After how many developers struggled with the N64, Nintendo focused on producing a system which was much more straight forward, had few bottlenecks and provided excellent real world performance. The Gekko processor was designed by IBM using their G3 core (the same basic core at the heart of the XBox 360, PS3 and Wii) with an extended instruction set; the Flipper GPU was designed by a small hardware company founded by former silicon graphics engineers who were devloping flight simulators named ArtX. Overall the few third party developers who really focused on the Gamecube (Factor 5, Capcom) achieved some amazing things, but most third parties did rushed ports of PS2 games and never took advantage of the Gamecube's capabilities.
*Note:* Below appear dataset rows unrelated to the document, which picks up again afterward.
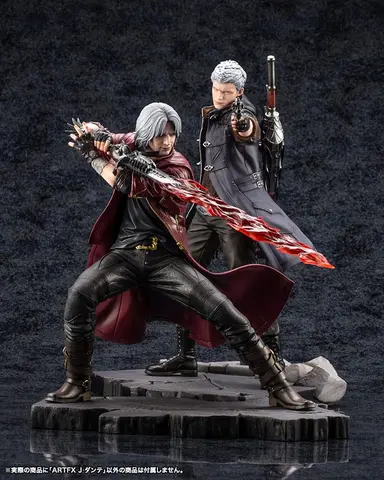 Reservar Figura Dante Devil May Cry 5 1/8 Kotobukiya Figuras Estándar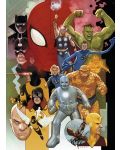 Puzzle Clementoni оde 1000 piese -  Marvel 80th Anniversary - 2t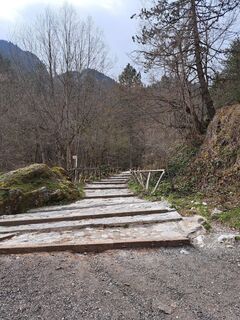 Fotografie z Sandra Stemplinger na trase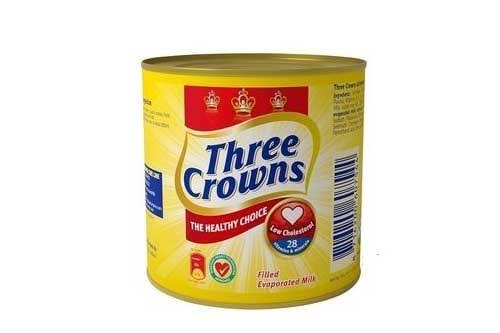 Three Crowns Milk 160g (Tin) 
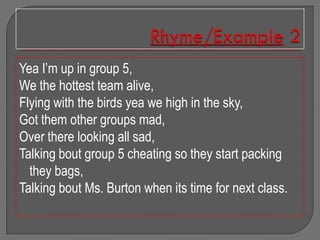 Yea I’m up in group 5,
We the hottest team alive,
Flying with the birds yea we high in the sky,
Got them other groups mad,...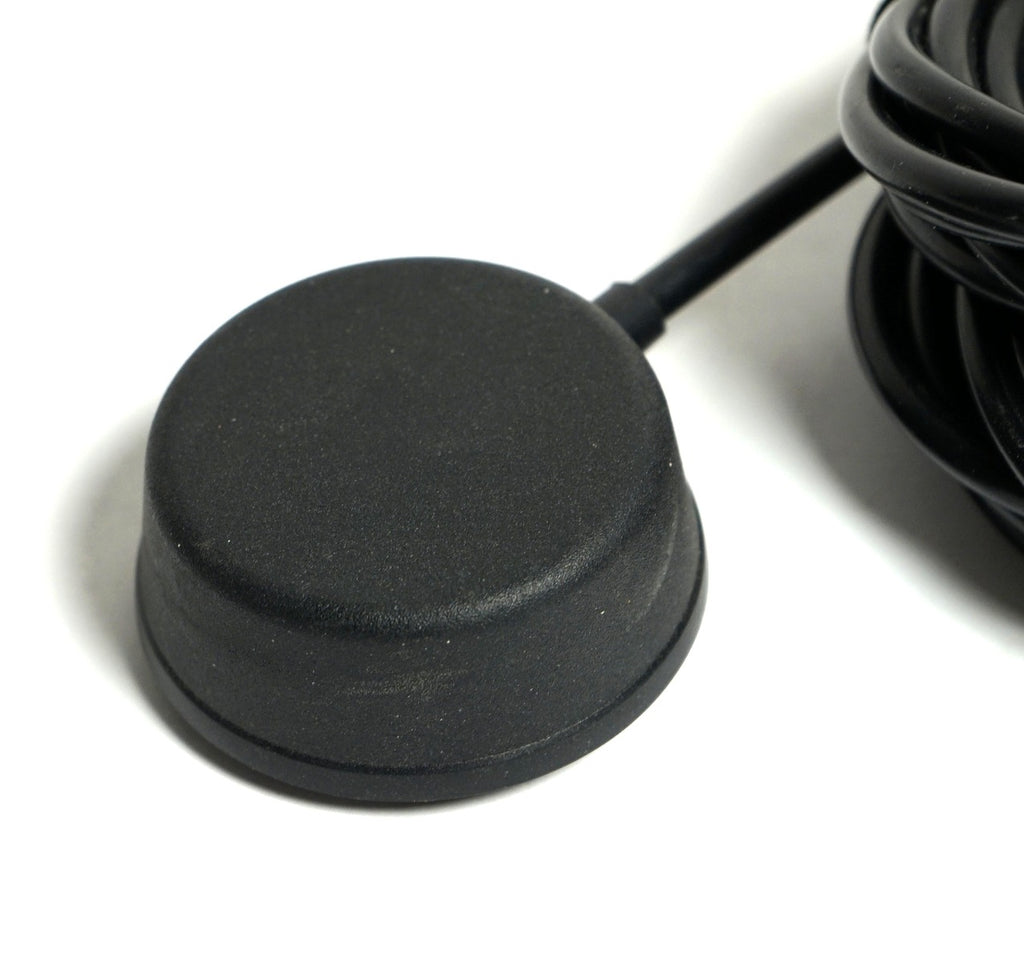 Herga Pneumatic Laser FootSwitch Pedal Air Round Foot Switch P/N: 6431 Black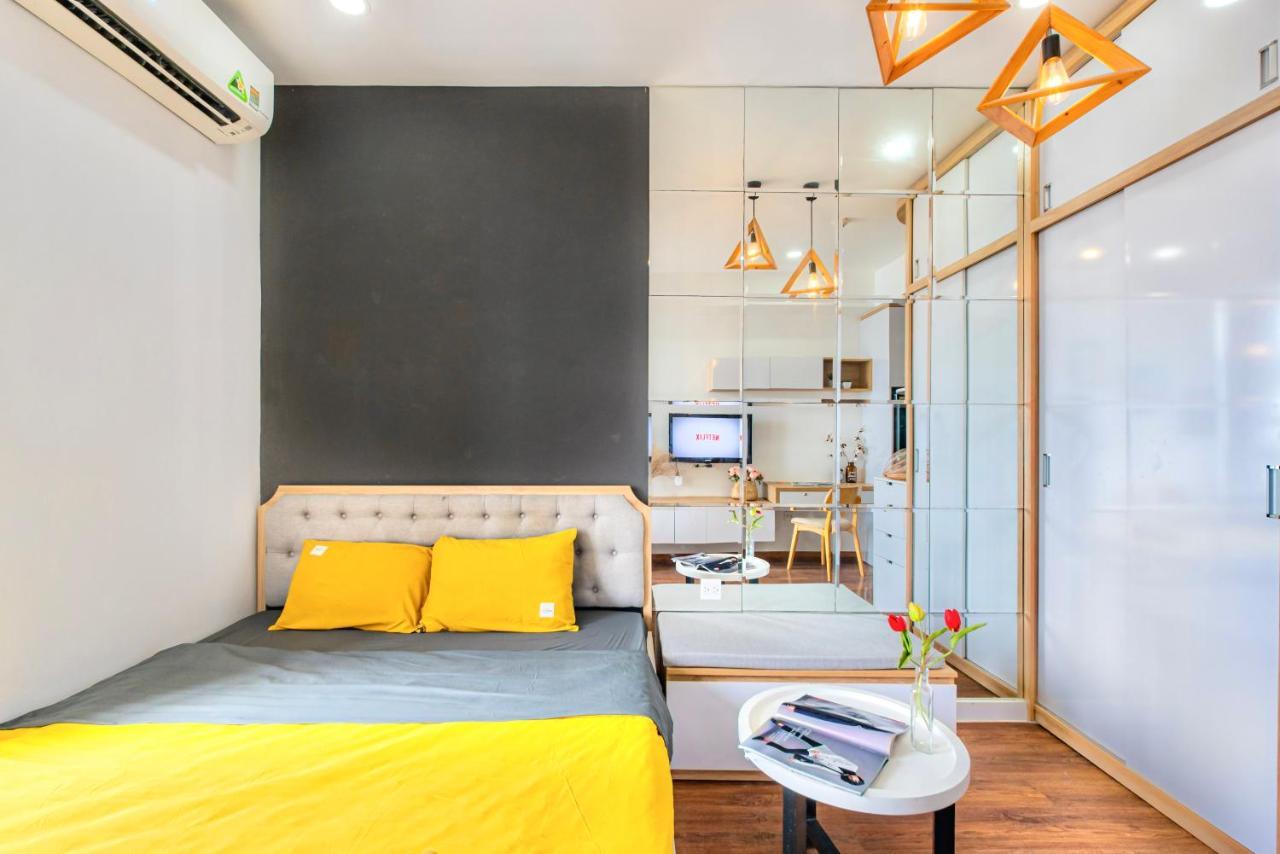 Tripletrees Apartment At Saigon Central - Rivergate Residence District 4 Ho Chi Minh-staden Exteriör bild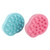 FRCOLOR 2pcs Massage Shampoo Brush Silicone Cleaning Brush Shower Hair Massager Massaging Shampoo Brush Shampoo Comb Silicone Hair Scrubber Massage Hair Comb Scalp Pp Child Nozzle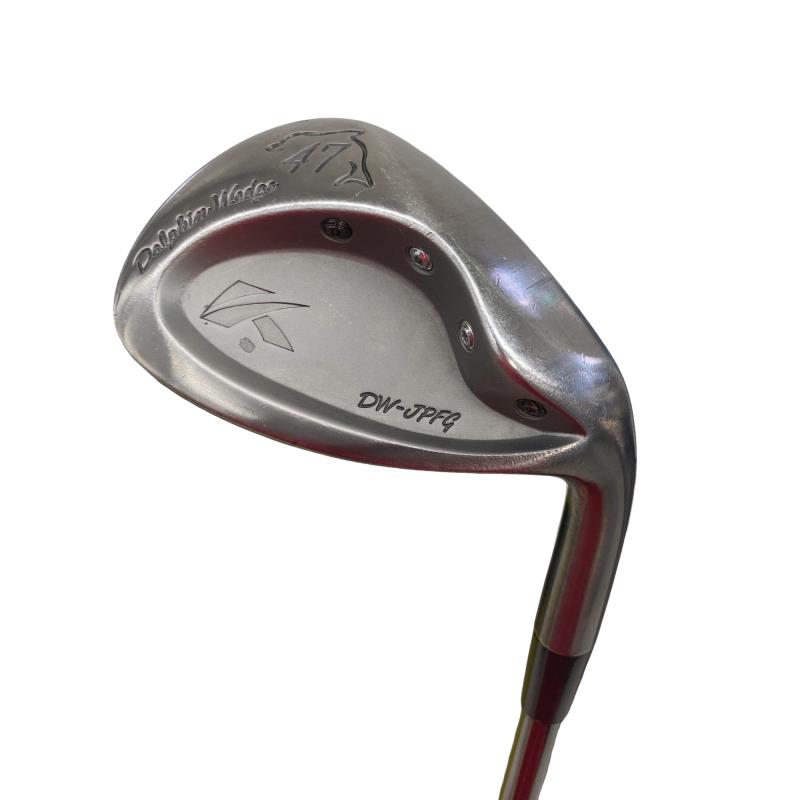 【中古】 キャスコ Dolphin wedge DW-JPFG 47° ウェッジ WG KBS TOUR 90 (フレックス余分の物) メンズ 成人男性用 右利き 右用 C序列付ける ゴルフ野球クラブ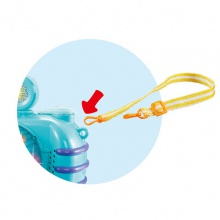 厂家儿童玩具泡泡相机音乐灯光相机网红少女心儿童卡通相机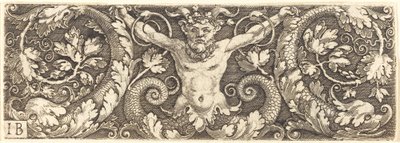Fantastik Satyr ve Yunuslarla Süsleme by Master IB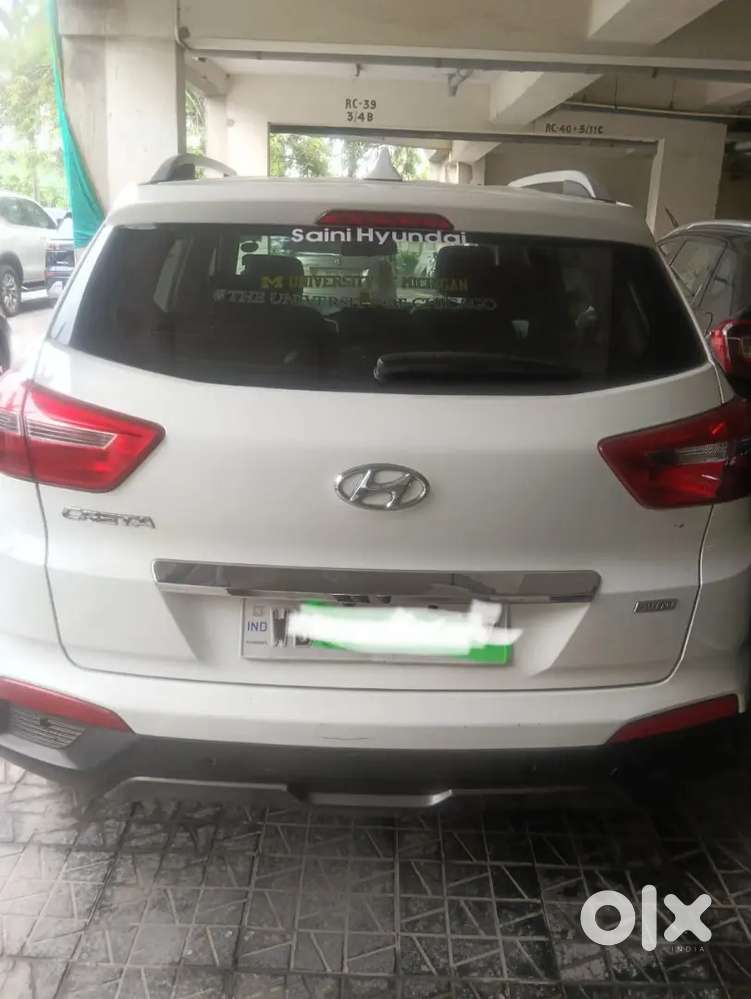 Automatic Hyundai Creta Facelift 2017 Petrol 48856 Km Driven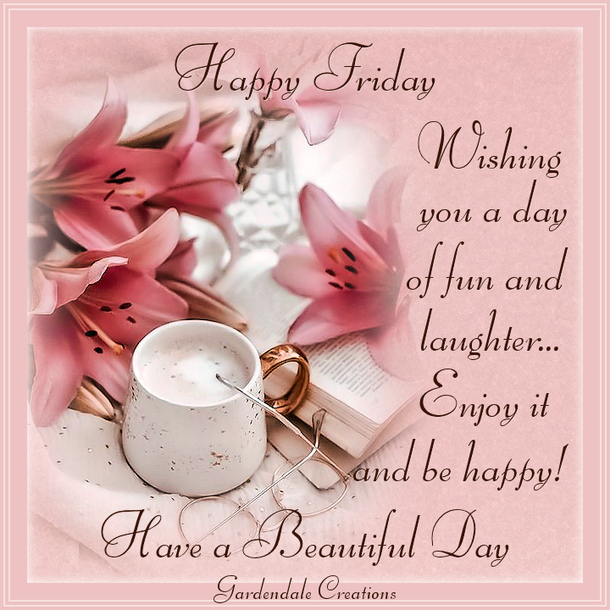 10 Good Morning Happy Friday Quote Pictures For A Lovely Day - picture 9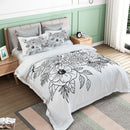 Viene Floral Duvet Quilt Cover Set – Queen
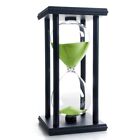 60 Minutes Hourglass Sand Timer 1 Hour Sand Clock for Kids Room Table Shelf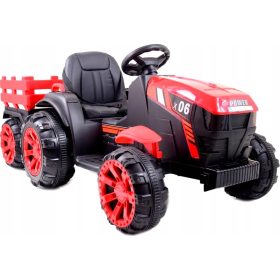  TRAKTOR NA AKU 12V, 2 MOTORA, PRIKOLICA NA DALJIN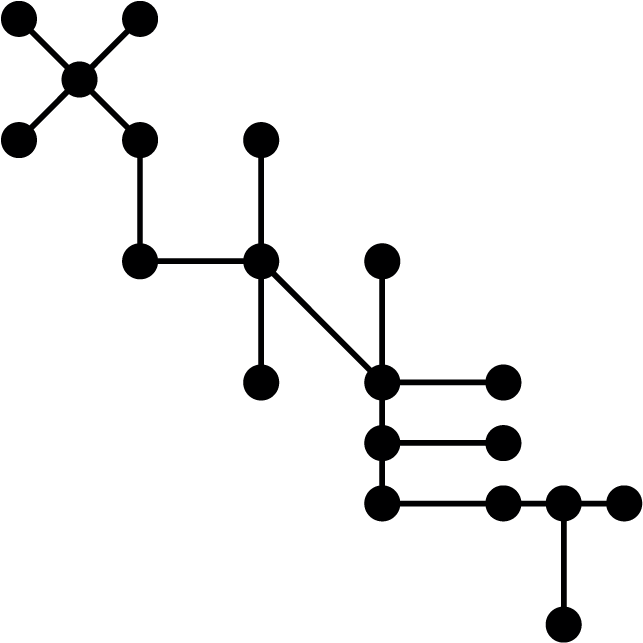 The Addition Of Nodes Emphasizes The Network Element Clipart (647x650), Png Download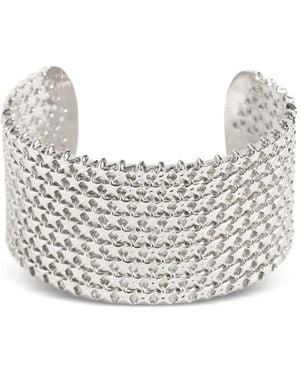 Zadig & Voltaire Rock Star Maxi Bangle - White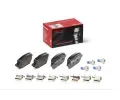 BREMBO Sada brzdovch destiek BRE P24237, P 24 237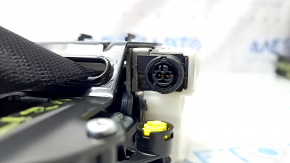 Driver's seat belt Mercedes W213 E 17-20 black, shot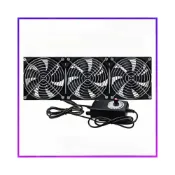 (店+)(JoyStyle)排風扇 散熱風扇 可調速超強電腦風扇 大風量 靜音通風 雙鋼網暴力風扇 抽風扇 空氣循環12cm機箱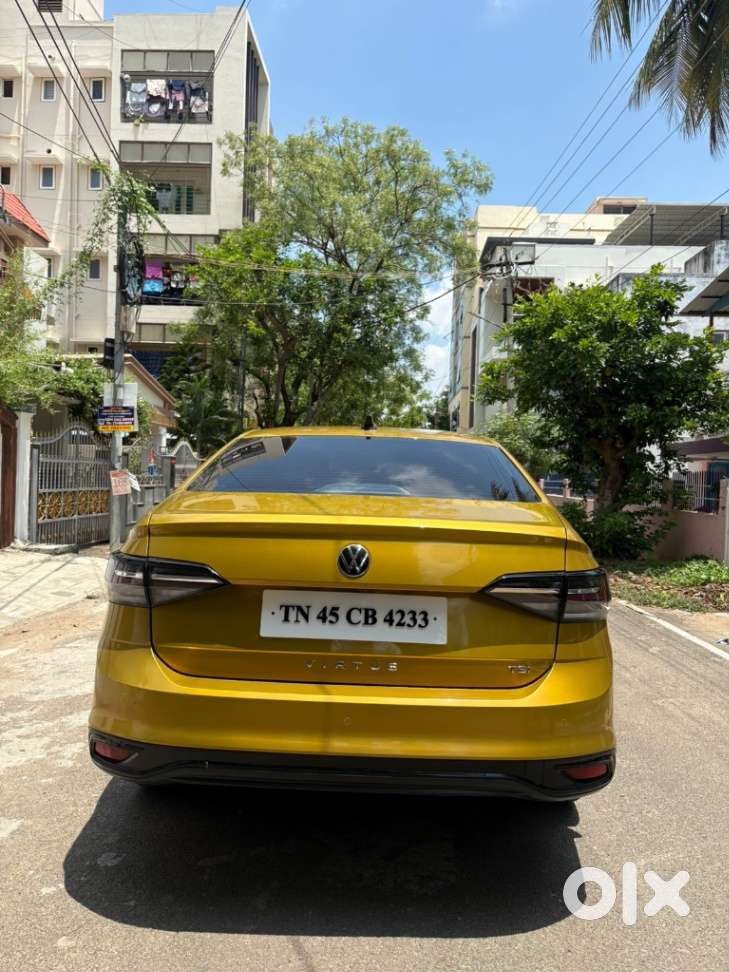 Volkswagen Virtus 1.0 Topline Tsi At, 2022, Petrol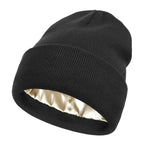 Fashionable Warm Knitted Wool Hat | Embroidered Cap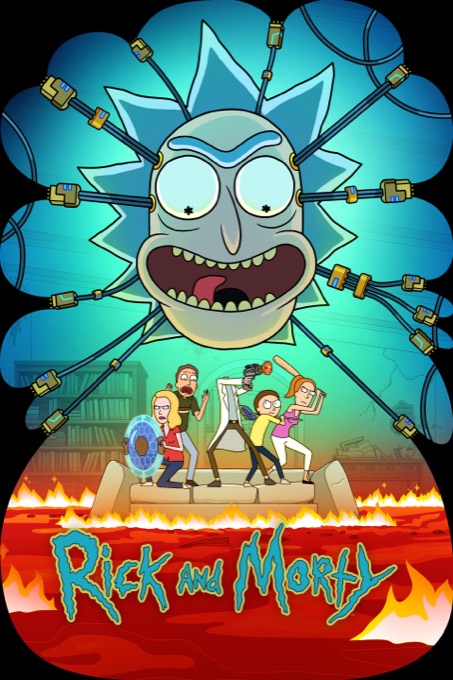 Watch Rick and Morty in 4K on Vyndo Live TV Streaming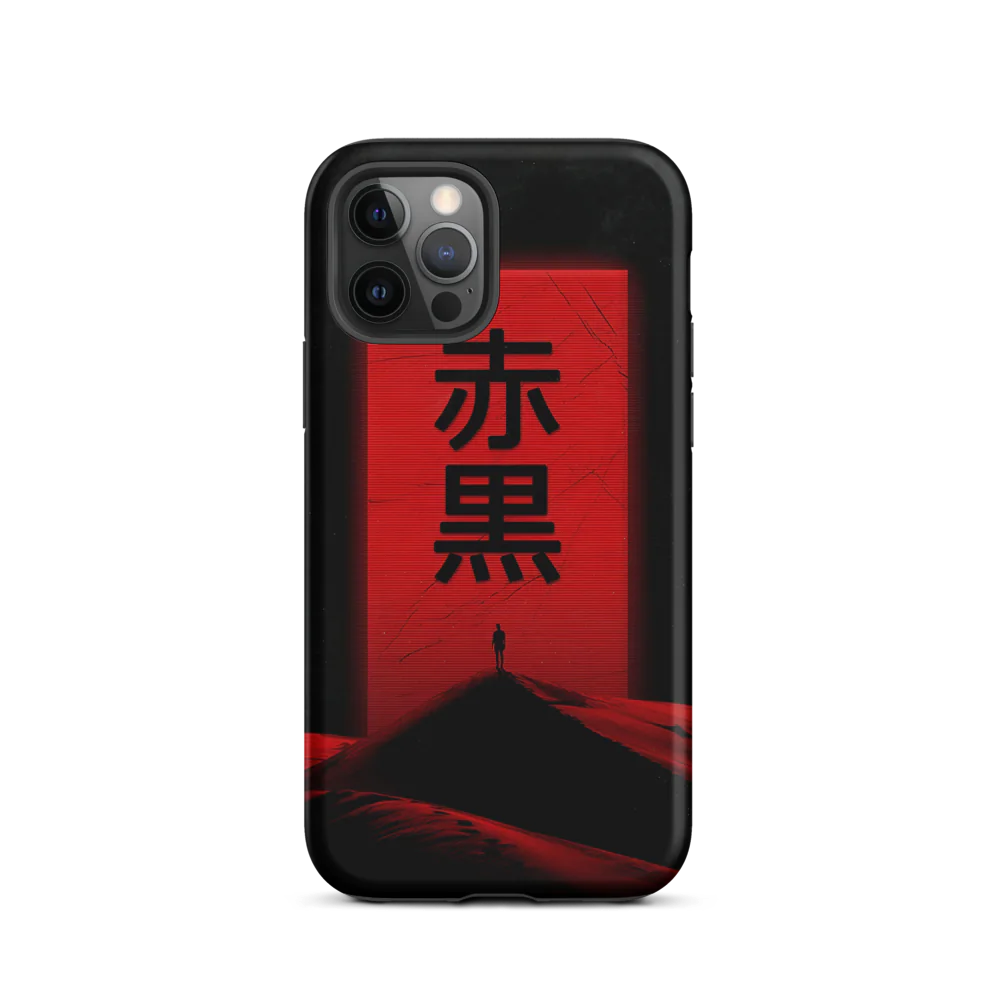 Tough Case for iPhone® "red mountain"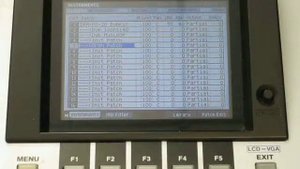 Roland MV-8800 Naming and Saving Imported Patches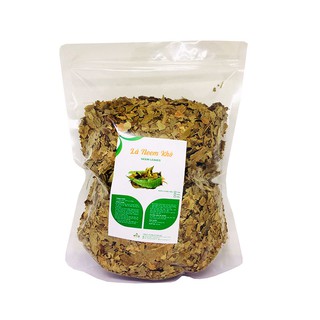 Lá neem khô 500g/túi hỗ trợ giảm đường huyết, huyết áp, loét bao tử và tăng hệ miễn dịch - Hàng chính hãng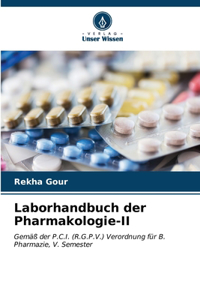 Laborhandbuch der Pharmakologie-II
The PS2 was a disaster in terms of ease of development and many initial PS2 games looked worse than Dreamcast games; third parties started to achieve amazing things on the PS2 mainly because its sales ensured that it would be the target platform for (pretty much) every game, the extra money needed to optimize code (or licence highly optimized middleware) was justified under the assumption that improved graphics would increase sales of the game.

 

 

As a guess, the PS3 is facing so many delays this generation because managing a project as large as PS3 games are becomming is not a simple task. In most software development (or any engineering project) a team of over 10 or 15 people is seen as very large and you need a highly experienced person in charge; many of these PS3 games now have teams in excess of 100 people and timelines of 3 years, like all projects unmanaged risk could delay these games by 50% to 100% of the initial timeline.